The 2018 FTC settlement addressed different violations: PayPal falsely claimed consumers could freeze funds flagged by the Venmo review system, and it misrepresented how privacy settings actually worked. That case was about misleading marketing of security features, not about data being sold. The CLEAR settlement, by contrast, is about actual data exposure and unauthorized sale of personal information, resulting in direct monetary compensation.

What About the Unsolicited Text and Credit Card Fee Investigations?
Beyond the settled cases, two active investigations are examining Venmo’s practices as of 2026. One investigation involves unsolicited text messages related to Venmo referrals and whether they violate Washington’s Commercial Electronic Mail Act.
Another investigation is examining whether Venmo misclassifies credit card payments as cash advances, which could trigger higher fees and interest rates for users. These investigations are not settlements yet—they remain pending with no final resolution or compensation announced. They represent potential future cases if regulators find violations, but unlike the CLEAR settlement, there are no distribution dates or payout amounts set.

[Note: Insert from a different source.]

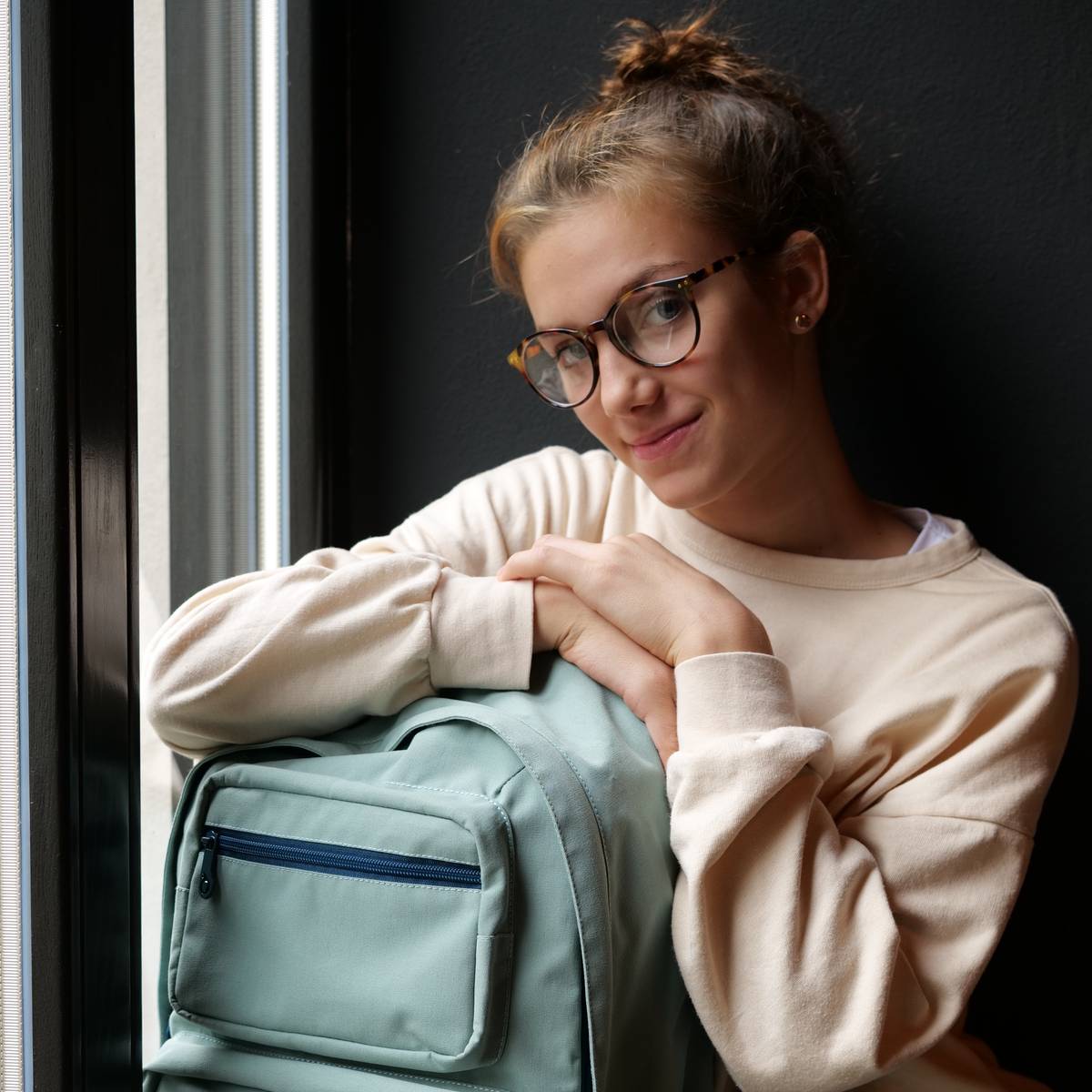 Stylowy plecak sztruksowy Topgal na ramię – beżowy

What Is the Status of Active Venmo Lawsuits Still Pending?
As of 2026, Al-Ramahi v. PayPal remains pending in Federal Court in California (Case No. 5:22-cv-03632), filed in June 2022.
This case alleges inadequate fraud reimbursement policies and security vulnerabilities in Venmo’s platform, focusing on whether PayPal adequately protects users against fraudulent transfers and whether the company reimbursed fraud victims fairly. The case has been ongoing for nearly four years without a settlement, suggesting either the parties are still negotiating or the litigation is progressing slowly through court procedures. Potential claimants in similar situations—Venmo fraud victims who believe they were denied adequate reimbursement—may be eligible to join this case, though no claims process is currently active.